Jesús López-Medel escribió hace tiempo en El País sobre "Desigualdades y tributos en Latinoamérica". Su preocupación era "la debilidad de los vínculos sociedad-Estado en América Latina". Parece que no hay confianza en la relación entre impuestos y prestación de servicios. "La idea de pacto social fiscal es casi inexistente". Pero, por suerte, don Jesús detectó la raíz del problema: los latinoamericanos pagan pocos impuestos; su presión fiscal es "bajísima, un 17 % del PIB de media".
Curiosamente, interpreta como "debilidad de los vínculos sociedad-Estado" el hecho de que el Estado no extraiga por la fuerza aún más recursos de la sociedad, es decir, que no la debilite tanto como a don Jesús le gustaría.
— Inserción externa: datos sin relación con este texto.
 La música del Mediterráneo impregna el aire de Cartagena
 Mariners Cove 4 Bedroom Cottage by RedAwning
Otra idea muy notable es la del "pacto social fiscal", una fantasía tan extendida como la del contrato rousseauniano, y tan insostenible como éste. No hay, en efecto, ningún pacto entre la comunidad y el Estado, porque ningún pacto puede recibir ese nombre si no hay posibilidad alguna de no firmarlo.
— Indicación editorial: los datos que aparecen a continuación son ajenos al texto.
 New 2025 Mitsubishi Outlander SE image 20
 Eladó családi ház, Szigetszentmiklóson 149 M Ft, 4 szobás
Aún más endeble es la idea de que los ciudadanos realmente decidimos cuántos impuestos queremos pagar. Esto es obviamente falso, porque los impuestos, como su nombre mismo indica, son forzados por el Estado sobre la comunidad. La democracia es llamativamente quebrantada en este caso, como en otros, puesto que la aplastante mayoría de los ciudadanos siempre quiere pagar menos impuestos, y sin embargo, en democracia, que se supone que traduce políticamente las preferencias populares, siempre termina pagando más.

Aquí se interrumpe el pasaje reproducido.